Primarily known for his role as Jack Shepherd on the phenomenally successful TV series Lost, fans of the show will barely recognize Matthew Fox in his new movie Alex Cross, where he shed an amazing amount of weight to portray a sadistic serial killer known as Picasso.
The movie stars Tyler Perry plays the title role, a Detroit homicide detective created by novelist James Patterson, who is on the trail of Picasso.
I spoke with Matthew about his transformation into this creepy killer.
How did you prepare for such a dark role in Alex Cross?
That was the way into the role for me. I remember when Rob (Cohen, the movie’s director) called me to offer me the part. I was in London doing a play there, and after I read the script that was the image that jumped into my head.
I just felt like the philosophical construct that he builds for himself to rationalize his obsessions would require an enormous amount of energy and that he would look like that naturally. On the outside Picasso looked like someone who would have these disturbing ideas. It was a real challenge and I enjoyed that.
I read that you and Tyler decided not to communicate during the shooting of the movie, is that true?
We never really made a decision to not communicate with each other. That was really driven by the nature of the film. In the movie, it’s just two guys trying to kill each othe, so there was never an opportunity for us to have an interaction beyond scenes where we were trying to kill each other.
The few moments where it was the fight to the death took several days to do and was really exhausting. We did have our moments to just have a quiet conversation. But when you’re playing that stuff, it’s not like you stop and ask, ‘How’s the family?’

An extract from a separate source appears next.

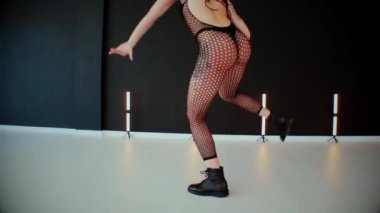 A dancer girl with a big ass in a thong dances erotically in hall. A captivating twerk, showcasing powerful movement and rhythm. Sexy woman dancing a seductive dance. Twerking, high heels, striptease.Energy and passion radiate from the performer's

Tyler really brought a lot of good stuff into this film, and the interaction I had with him, the small bit, was really good and very positive, and then we went about doing our work.
I hear he accidentally hit you during that fight sequence.
That happens. I’ve been the one that’s done that in the past. You do those fight sequences and they’re drawn out and you’re really exhausted.
Every now and then somebody makes a mistake, and you misjudge something and somebody gets hit.
Tyler caught me with an elbow about midnight on the scaffolding, when we were doing the fight.
He was so unbelievably horrified by the [accident,] he called me every day for about two days after that, just apologizing.
I tried to let him off the hook by saying, ‘It’s no problem, man, I didn’t get seriously hurt.’ So it was all good.